If, as a beginner, you have created a strong foundation of reporting and data gathering and integrated climate into your business planning then you can increase your understanding of climate risks and opportunities and build them into your strategy.

Intermediate companies should:

  • Report on greenhouse gas (GHG) emissions: it should not be very difficult to collect the data from existing reporting systems to calculate what emissions are generated directly by your operations (scope 1) and your electricity usage (scope 2). Though it will be more difficult to calculate scope 3 emissions, which are those generated in your supply chain, by your investments and by the lifetime use of your products or services, this is still an important element of reporting.
  • Use data analysis tools: you should increase the sophistication of your thinking about climate impact by seeking out and using climate modelling tools specific to your industry and economic analyses relating to decarbonisation policy and regulation.
  • Analyse risk: use the categories of risk identified by the TCFD in its recommendations report to discuss with people from across your company what the risks in their area might be. Then seek sources of data to quantify this risk so that you can carry out sound, evidence-based analysis of the risks generated by your business. You might use public and commercially available tools to support analysis such as that provided by the UN’s environment programme.
  • Lead from the front: the leaders of the organisation are crucial in ensuring that climate action is integrated into every business function and is not treated as a standalone item. Climate risk should be on the agendas of boards and sub-committees, and leaders must take on responsibility for oversight of climate issues such as legal and climate liability; climate science and scenarios; net zero, and transition planning. If leaders are not in a position to do this now, training should be sourced that can ensure they monitor activities for climate risk, impact and opportunity.
  • Imagine the future: climate change will have an impact on your business. Physical and transitional climate risks and opportunities are a reality and should be planned for through scenario planning. If scenario planning is not a process the organisation is familiar with some outside help may be required. Start by picking one region or sector for a pilot scenario planning exercise.

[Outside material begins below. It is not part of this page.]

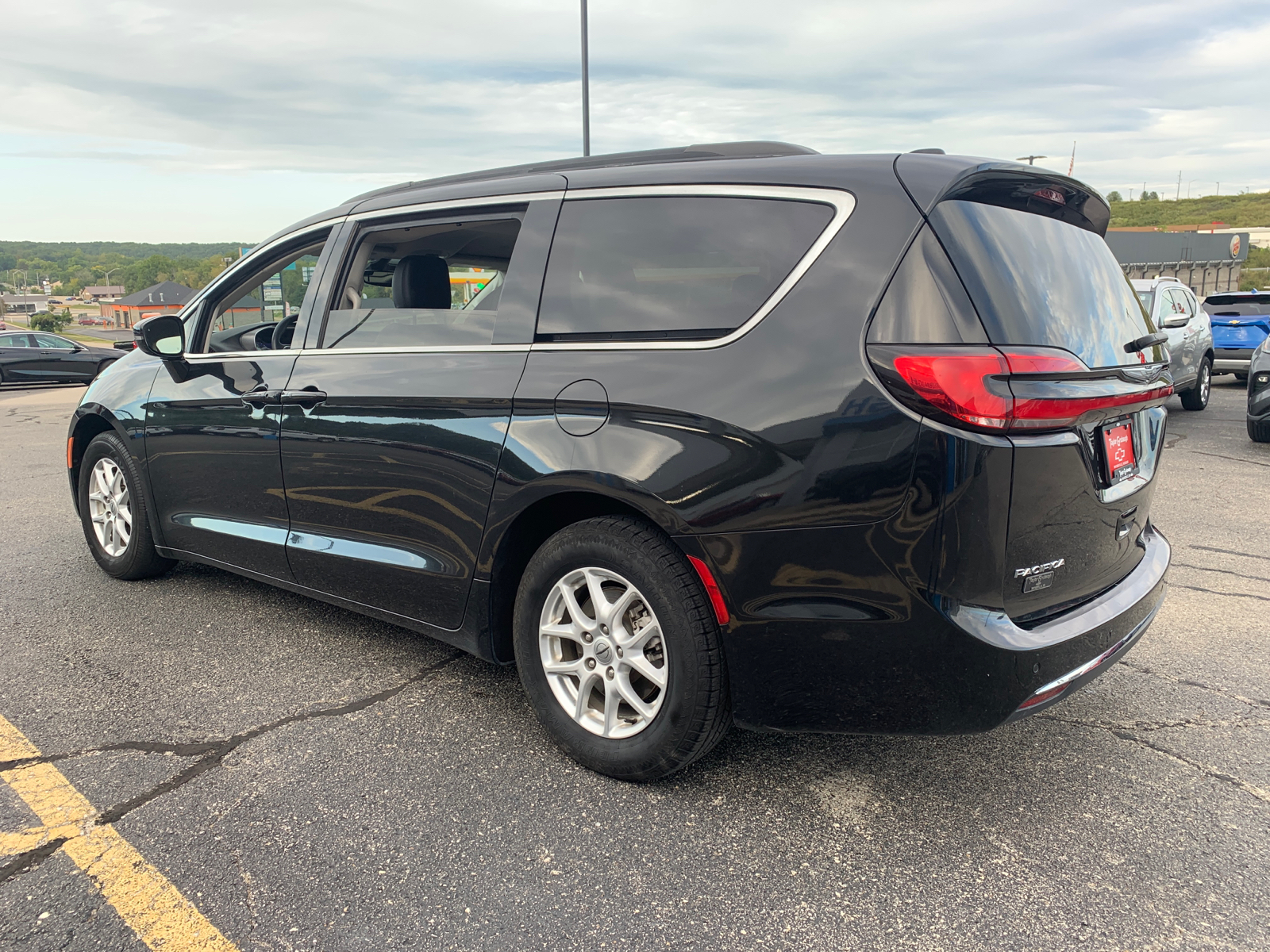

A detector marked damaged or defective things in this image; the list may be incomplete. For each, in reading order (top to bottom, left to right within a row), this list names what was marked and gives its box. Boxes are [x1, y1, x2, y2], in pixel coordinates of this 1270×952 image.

parking lot crack [94, 654, 460, 825]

Becoming a leader on TCFD standards is about taking the increased sophistication of the intermediate approach and making it a core part of how you do business. You should be embedding climate risk and analysis into every element of business planning and execution, as outlined in our fuller guide to TCFD compliance.

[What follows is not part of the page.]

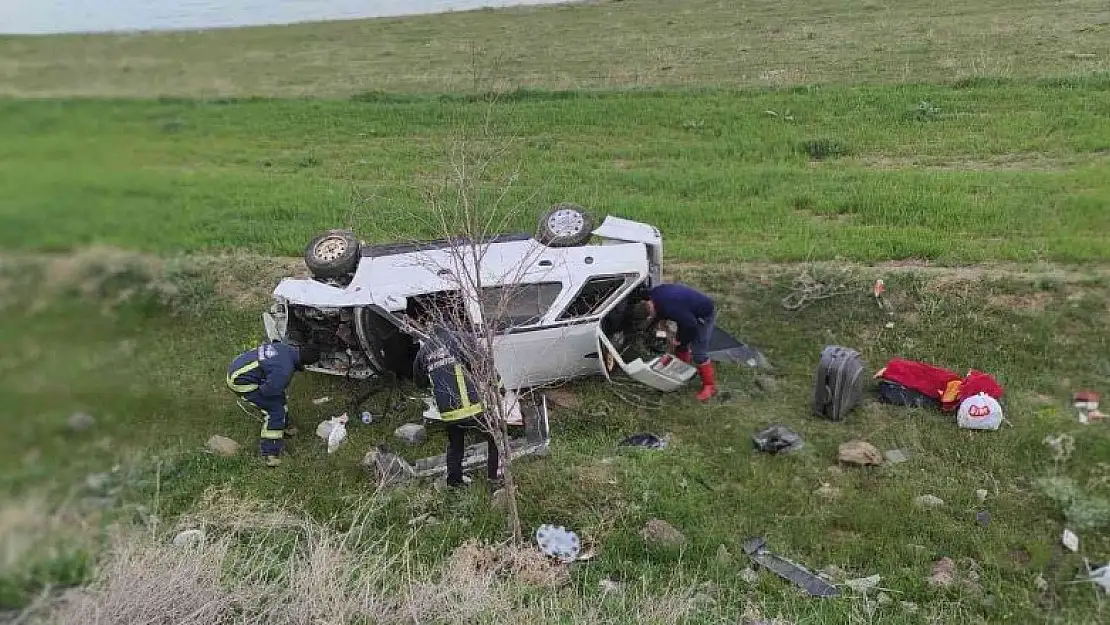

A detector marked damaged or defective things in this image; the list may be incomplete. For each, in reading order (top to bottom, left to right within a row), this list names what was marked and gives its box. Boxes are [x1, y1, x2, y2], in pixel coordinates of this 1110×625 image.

overturned white car [261, 205, 763, 399]
broken car part [750, 426, 803, 455]
broken car part [741, 535, 834, 599]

  • Extend scenario planning: having piloted scenario planning and got used to how it works, extend it to all areas of your business. Develop narrative outlines for different scenarios and explore the potential impact these would have on different risks and opportunities. Focus more deeply on regions or business divisions where there are areas of particular concern. Use what you learn to frame your strategy and business planning.
  • Make climate just another risk: you will now have a mature understanding of climate risk so it should no longer be a separate item. It should be fully integrated into your existing enterprise risk management process. Along the infrastructure value chain, this may also include consideration of how climate risk requirements are integrated into elements such as preacquisition due diligence; client project advisory, or supplier and contractor selection criteria.
  • Measure: you have identified climate related risks and opportunities and embedded them in your business planning. Decide how you are going to measure risk and success, then generate targets. Make sure you report against those as you would on any other metrics. Where possible ensure these are consistent with sector peers to support comparability in disclosure for investors.